Jim: We used one or two of the doors, but we were able to recycle them to other people who needed doors. We did use a lot of the hardware off of them. The hinges, doorknobs, to replace those that needed to be. Dixie got those doors for three dollars apiece.

Peter: Anything else?

Jim: To reiterate again, the most unique thing about Oakwood is the sense of community that is there. We have been in this community for twenty years now. It is a nice little subdivision. We have some friends here, but you still don’t get the feeling that you had in a place like Oakwood. A lot of people we don’t know here. It is something real unique about Oakwood.

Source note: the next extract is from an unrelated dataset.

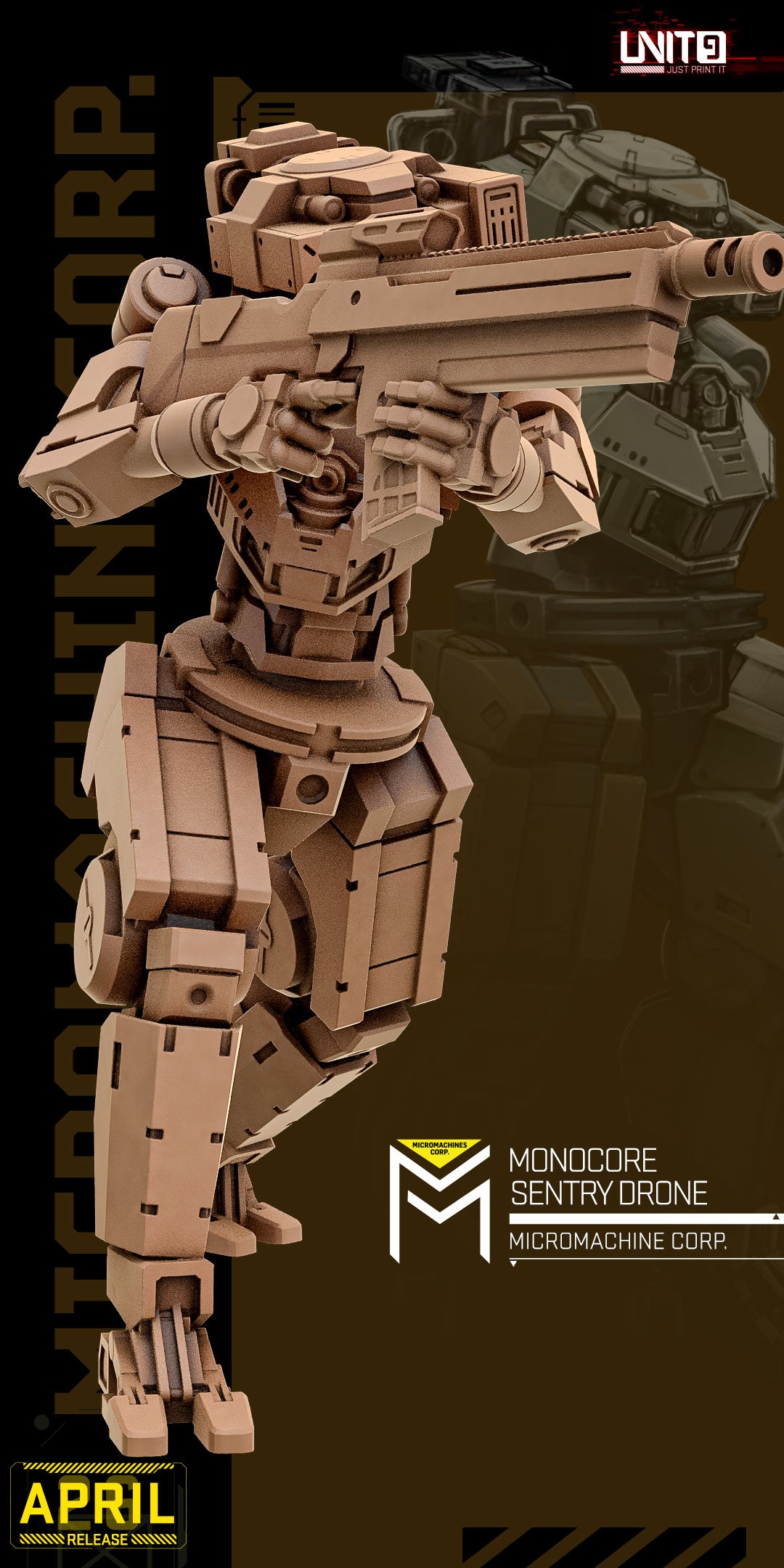 Monocore Sentry Drone (10 modelos)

Dixie: When you were outside working on the porch, or anywhere, it never failed to have someone come by in a car and say, “my mother used to live here, or this is where my grandmother grew up.” People were interested in what you were doing. It was really a community affair.

[Recorder turned off, then turned back on]

Peter: This is the first addition to the interview, picking up just a few other things that Jim and Dixie remembered.

Jim: The thing we were thinking about was called the Athletic Club. I guess it is still called the same thing, with the periodic social events that bring people together in the neighborhood. That was another thing that was an important part of Oakwood back in those days in addition to the Christmas Tour. I understand that still goes on.

Dixie: The athletic club got its name because Ronnie Ellis said at one time, that when someone questioned the Athletic Club, he said, “well, it takes a lot of effort to lift your arm and put something in your mouth, so that is athletic enough for me .” (Laughs)

Peter: Tell me about the Oakwood Society.

Dixie: The Oakwood Society was formed very early. Especially when they were trying to get people organized against the road that they wanted to put through Oakwood. People in the neighborhood were elected to the board and we had a chairman and we were very active. The ones that organized the Christmas Tour, [everyone] really worked on that, even if you made cookies to give out to the people who came. Also, the neighborhood got very interested because of the money it raised. One year we had this special event in the summer and we raised money to give to the carousel, to help restore the carousel in Pullen Park. We had this fancy modeling show and I was a clown that year...Sara Stronach and I decided we would be the clowns. They had all these models modeling clothes. We had Miss. America there, thanks to Ames and Bill Callegheri. We had a fancy affair and gave money to the carousel. We did things for Oakwood, but we did things for the community at large.

Jim: I remember another example. They were trying to promote Oakwood and one time we got Governor Hunt to come on a tour there. It was during the Christmas Tour. Dixie and I took Governor and Mrs. Hunt and some other people from Oakwood and the Society around to tour the neighborhood and show them what we were doing. We made some money from the Christmas Tour and one of the projects those funds were used for was to buy housing and try to get it stabilized and resell it. I worked on the committee of the society one time along with Barbara Wishy. She was the chairman of the committee. “We bought a house,” Dixie said. It was the first one we bought and I don’t remember the details. Dixie said she thought it was about 100 dollars. We spent a few thousand on it to upgrade it and sold it. That was one of the activities that the society took upon itself to help stabilize and develop the neighborhood.

Dixie: Another amount of money was spent on a corner lot, right across from the Oakwood cemetery; it was just a disaster that caught all the garbage and all of people going up and down Oakwood Ave. We bought that little lot and we landscaped it and put a few things in it and named it the Valley Henderson garden, and the city took it over and maintained it after that. That was another good thing we did.

Peter: Thank you for all you have done that allows your children and mine and others to enjoy the neighborhood, and grandchildren.